The Time for Blindness
Culture standard time is always the time for blindness. It is the time for blindness to make an appearance in the word not only to sight but for sight. We do, as Hannah Arendt (1971) suggests, make an appearance in the world and we do so to and for others. In this, blindness is no exception except that it appears as exceptional. Blindness appears to and for us as an exception to the "rule of sight." We all have our time. We come into the world at a particular historical moment, at a time when that particular history is being played out and thus reproduced and reconfigured as the present that is, in turn, reproduced and reconfigured as a movement into a ubiquitous future. Our time is set, reset, and told within the infinity that marks the movement of a human collective as it continuously strives to carve out the meaning of being human as you and I (we) make an appearance to and for one another.

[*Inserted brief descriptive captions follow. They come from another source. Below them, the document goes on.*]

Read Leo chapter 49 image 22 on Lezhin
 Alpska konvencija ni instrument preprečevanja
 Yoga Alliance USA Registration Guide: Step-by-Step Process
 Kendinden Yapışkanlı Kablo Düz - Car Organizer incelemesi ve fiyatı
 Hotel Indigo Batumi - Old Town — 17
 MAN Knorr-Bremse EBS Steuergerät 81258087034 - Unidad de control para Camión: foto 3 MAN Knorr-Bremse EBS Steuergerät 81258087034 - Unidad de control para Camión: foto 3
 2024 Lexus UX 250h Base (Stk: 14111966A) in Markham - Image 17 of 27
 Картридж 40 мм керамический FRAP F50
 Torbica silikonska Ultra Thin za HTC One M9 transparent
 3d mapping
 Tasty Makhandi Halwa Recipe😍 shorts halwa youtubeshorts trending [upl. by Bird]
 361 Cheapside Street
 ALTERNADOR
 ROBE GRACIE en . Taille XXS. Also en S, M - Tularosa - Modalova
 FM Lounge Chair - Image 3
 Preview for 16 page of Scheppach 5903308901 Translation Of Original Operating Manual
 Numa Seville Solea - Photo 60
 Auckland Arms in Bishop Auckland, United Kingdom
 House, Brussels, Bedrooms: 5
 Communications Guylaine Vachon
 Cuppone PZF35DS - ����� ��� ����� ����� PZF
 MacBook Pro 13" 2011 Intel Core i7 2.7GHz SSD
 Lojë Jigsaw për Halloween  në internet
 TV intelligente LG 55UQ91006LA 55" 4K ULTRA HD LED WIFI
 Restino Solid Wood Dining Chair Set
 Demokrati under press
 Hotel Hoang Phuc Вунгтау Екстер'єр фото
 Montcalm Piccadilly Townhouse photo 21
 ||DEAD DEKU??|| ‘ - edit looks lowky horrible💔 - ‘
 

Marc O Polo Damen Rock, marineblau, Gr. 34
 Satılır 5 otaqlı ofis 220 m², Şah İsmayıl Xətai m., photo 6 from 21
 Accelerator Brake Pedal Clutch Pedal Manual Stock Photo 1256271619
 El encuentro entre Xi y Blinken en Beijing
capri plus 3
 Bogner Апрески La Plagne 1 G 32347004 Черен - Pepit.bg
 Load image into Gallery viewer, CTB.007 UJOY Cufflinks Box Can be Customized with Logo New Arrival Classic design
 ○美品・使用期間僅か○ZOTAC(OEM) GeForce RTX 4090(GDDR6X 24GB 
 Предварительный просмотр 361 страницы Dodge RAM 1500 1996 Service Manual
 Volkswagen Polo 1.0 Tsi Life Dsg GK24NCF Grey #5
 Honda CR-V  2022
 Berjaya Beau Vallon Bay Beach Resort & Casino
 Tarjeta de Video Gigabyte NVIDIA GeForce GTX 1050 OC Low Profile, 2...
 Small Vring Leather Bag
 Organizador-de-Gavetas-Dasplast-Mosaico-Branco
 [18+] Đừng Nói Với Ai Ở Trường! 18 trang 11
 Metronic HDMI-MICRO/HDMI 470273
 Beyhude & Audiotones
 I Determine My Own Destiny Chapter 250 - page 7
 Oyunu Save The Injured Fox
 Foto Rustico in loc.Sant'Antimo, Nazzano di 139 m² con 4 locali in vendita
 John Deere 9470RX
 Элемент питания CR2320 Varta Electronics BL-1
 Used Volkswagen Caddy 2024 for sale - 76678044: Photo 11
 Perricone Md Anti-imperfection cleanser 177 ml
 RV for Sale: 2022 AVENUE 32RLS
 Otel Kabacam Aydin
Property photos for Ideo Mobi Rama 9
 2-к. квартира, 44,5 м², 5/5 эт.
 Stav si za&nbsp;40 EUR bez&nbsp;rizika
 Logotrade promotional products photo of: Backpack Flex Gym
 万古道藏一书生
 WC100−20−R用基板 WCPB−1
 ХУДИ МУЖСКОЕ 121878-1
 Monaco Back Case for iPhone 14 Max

And, the meaning we make "at the time" blindness appears is exceptionality — an exception, moreover, that we make appear as something that must be standardized through, as Henri-Jacques Stiker (1999, 128) puts it, drowning it in the social whole. In culture standard time, then, blindness marks time as appearing for sight as its time to set blindness time to the right time.
The Time of Blindness
Let me illustrate these theoretical tropes regarding blindness time by telling a story that demonstrates the telling of culture standard time. I am walking down the street, my street, Bloor Street, in Toronto. I am walking in the way that blind people who use white canes walk — step forward with my left foot, move my white cane to the right, step forward with my right foot, move my cane to the left and keep doing this. This feels "dorky" as blind playwright and performer Lynn Manning says in his play Weights and so it must look dorky. This surely is a dorky way to walk down the street but, as Manning also tells us, "we'll make it look cool."
But, how cool can this dorky blind walk be? Not cool enough for everyone on Bloor Street to take up the white cane and get into the dorky walk. Sometimes, though, not often, but sometimes, it is cool. For example, I left my apartment building one evening to join a couple of friends at a local bar. Incidentally, this bar is located on the bottom floor of my apartment building this is very cool. I entered the door knowing that in a few steps my cane would come in touch with the pool table, a landmark I use to locate a table at which I usually sit. I squared myself to the door and began the dorky walk. In a few steps, someone yelled "Watch it, you"re going to hit the pool table." (I will watch this phrase "watch it" a little later.) I replied, "Thanks, I know." In another couple of steps my cane touched the pool table and in touching the edge of it with my hand, I proceeded to follow it to its end. As I did so, I said, "See" (a response to "watch it," I think). "See, I follow the table to the end, hit the carpeting, and a few more steps and I"m at my seat."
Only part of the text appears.